Were it not for Astrid’s ability to track the lingering heat signature of Gudariks’s footpath in the snow, his den would’ve been impossible to find, tucked away as it was. At first the orange glow of past steps seemed to disappear into a craggy rock face, but feeling along the uneven surface with mittened hands, Astrid found a hidden crevice formed by overlapping rock.
To look at it straight on completely obscured the opening. But from the right angle, she could see that it was just wide enough for Gudariks to slip through, if he tilted his antlers just so.
Doffing the wooden skis she wore to traverse the deep snows of the forest, Astrid dipped inside.
Nestled on the other side was a sheltered field teeming with winter blooms sprouting up from the powdery snow in shades of silver and blue—like the ones Gudariks had gifted her—as well as ones so dark a purple they were almost black.
Petals closed, the flowers tilted away from the sun’s light, a nyctinastic movement she’d never seen before until Gudariks gave her a pot of the blooms.
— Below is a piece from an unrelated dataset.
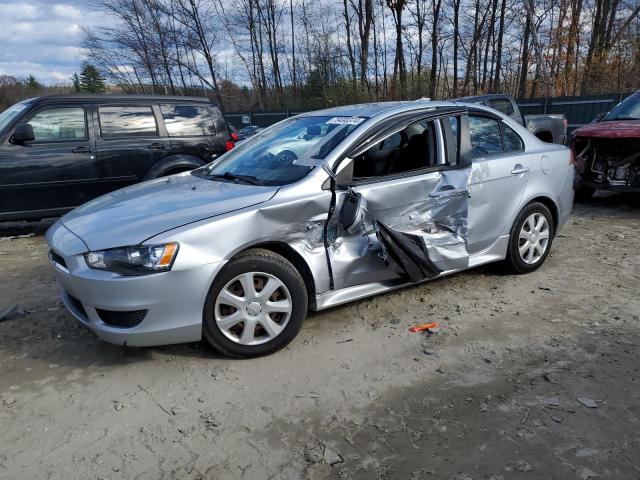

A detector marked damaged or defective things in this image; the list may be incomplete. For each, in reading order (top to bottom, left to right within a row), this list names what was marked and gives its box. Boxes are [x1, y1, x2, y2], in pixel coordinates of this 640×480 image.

damaged silver car [45, 100, 576, 356]
crumpled front door [330, 167, 470, 290]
She kept them on her windowsill thinking they needed sunshine, but they only ever bloomed at night, coaxed out by the reflected light of the moon.
They were eerily beautiful in the full light of day and so still. Not even a breeze rustled leaves or shook stems. The rock face that encircled the field must have protected it from the mountain’s harshest winds, or all wind entirely, given its utter stillness.